Compared to the judgment of Jesus by Pilate and the Son of God being sentenced to die by crucifixion the banal platitudes of Prof. Pausch’s speech signify nothing, nothing except perhaps that we all can hear – no matter what we believe about God and man – we all can hear at least the faint echo of the truth. Even in death unbelieving man seeks some meaning because he can’t help believing that there must be some.

Set next to the titanic event of the crucifixion of the Son of God urging people to be nice to one another so that their dreams will come true is revealed for what it is: the counsel of despair. We are all going to die. Barabbas was going to die. He was going to be punished for his crimes and we will be as well…unless somehow, in some way, our guilt before God is removed. How can that happen unless, in some way, our sin is punished and justice satisfied for it. How can that happen unless someone who is sinless himself and whose life is of infinite value should offer to bear our punishment in our place. This is what Jesus did and this is what Pilate’s role in that tragic and absolutely glorious affair was designed to demonstrate publicly and dramatically. Jesus died a criminal and yet he was entirely innocent. He died condemned and yet even the judge admitted he had done nothing wrong.

He died, the just for the unjust, to bring us to God. Those who trust in Jesus may see themselves in Barabbas, being set free because Jesus took his place; the guilty released, the innocent condemned and executed. The great substitution complete.

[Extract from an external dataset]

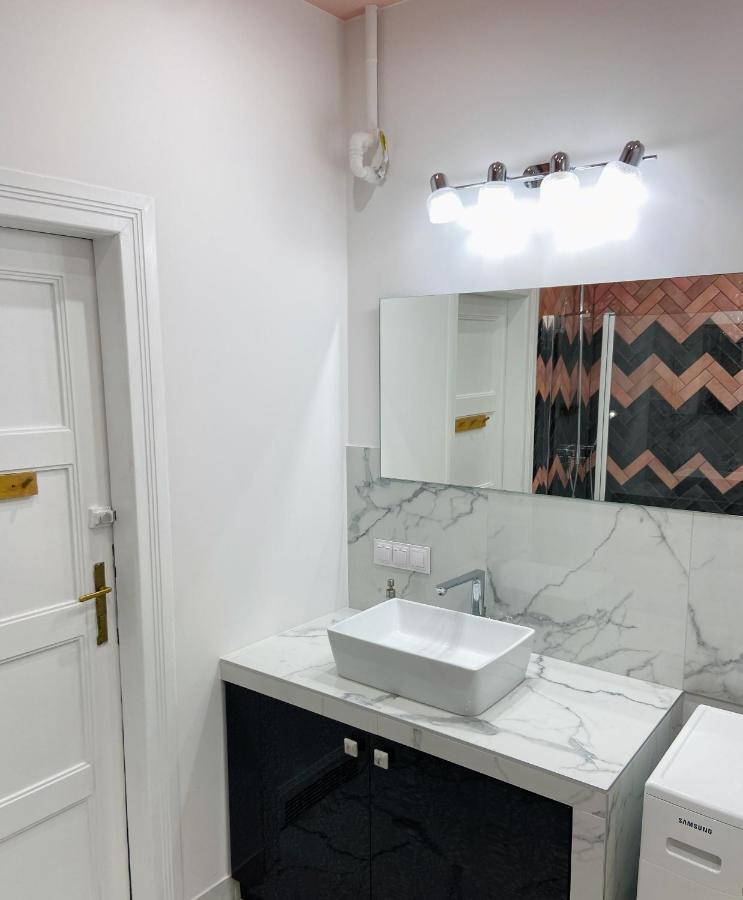 Tenement Apartment 90M2 City Center Kraków Eksteriør billede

In his Chronicles of Wasted Time, Malcolm Muggeridge tells of a time during the Second World War when, anxious to get home to England from his post in Africa, he was bumped from the seat assigned to him on the plane by a colonel with a wooden leg. He was incensed that he had been substituted for until he learned that that very plane, with now the one-legged colonel instead of Muggeridge aboard, ran into the mountains around Shannon airport and crashed with no survivors. There is substitution of a kind: a life for a life. One lives because the other dies.

But this substitution we are speaking about is of an entirely different order. Christ offered himself for sinners. He went to the cross on purpose. There was nothing accidental about this substitution. He died not for one man but for a world of men. He died not for his friends but for his enemies. And he died not simply in the way of human death but in the far more serious way of a man suffering the divine wrath against human sin.

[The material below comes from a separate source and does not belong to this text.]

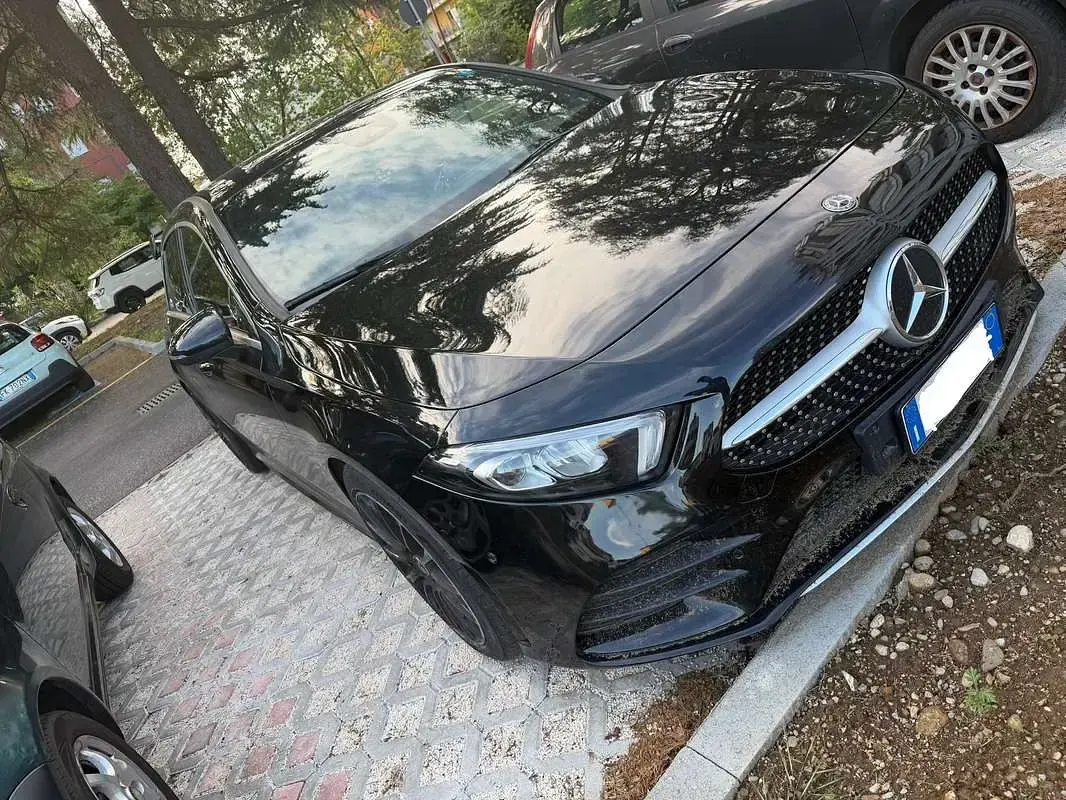 Usado Mercedes A220 Premium 190 CV (139 kW) 2019 Negro Berlina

In all other forms of religion and philosophy the problem of sin and guilt, the problem of man’s moral failure is dealt with in some other way than by the intervention of God himself. And the result is that they all come to cheap and finally empty solutions. In them man is spared the final humiliation of knowing that the Mediator must bear his punishment in his place; he is not stripped absolutely naked. But in them also there is no true answer given to the problem of his guilt.

Here is the true answer and we have Pilate to thank for making it so clear.

He was pierced for our transgressions,
He was crushed for our iniquities;
The punishment that brought us peace was upon him,
And by his wounds we are healed.
We all like sheep have gone astray,
Each of us has turned to his own way;
And the Lord has laid on him the iniquity of us all.